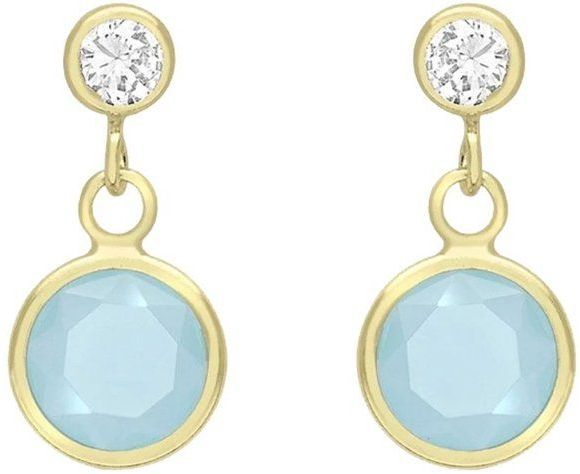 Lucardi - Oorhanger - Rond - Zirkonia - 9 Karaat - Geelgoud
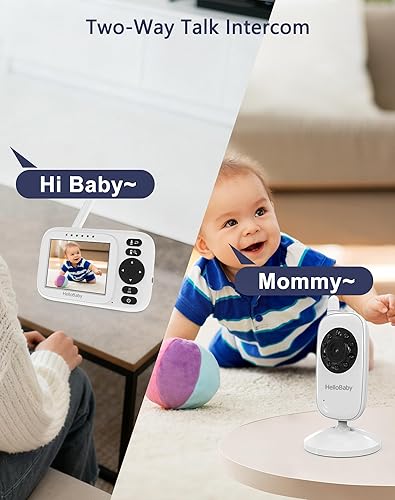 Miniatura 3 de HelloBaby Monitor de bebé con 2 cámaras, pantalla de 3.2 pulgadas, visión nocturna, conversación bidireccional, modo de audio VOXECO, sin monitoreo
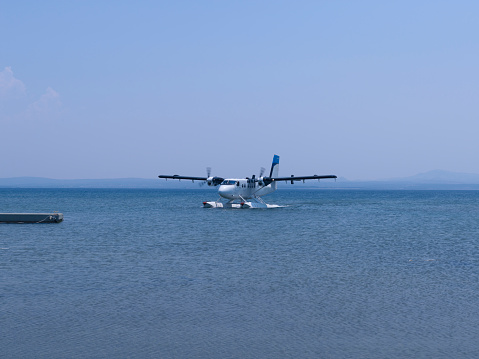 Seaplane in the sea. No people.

━━━━━━━━━━━━━━━━━━━━

== INSTRUCTIONS TO FOLLOW ==
Your copy must start at the line that holds "Miniatura 3 de" and end at the last line of the data, both included; it must contain no pictures.

== OUTPUT FOR THIS EXERCISE ==
 Miniatura 3 de HelloBaby Monitor de bebé con 2 cámaras, pantalla de 3.2 pulgadas, visión nocturna, conversación bidireccional, modo de audio VOXECO, sin monitoreo
 Seaplane in the sea. No people.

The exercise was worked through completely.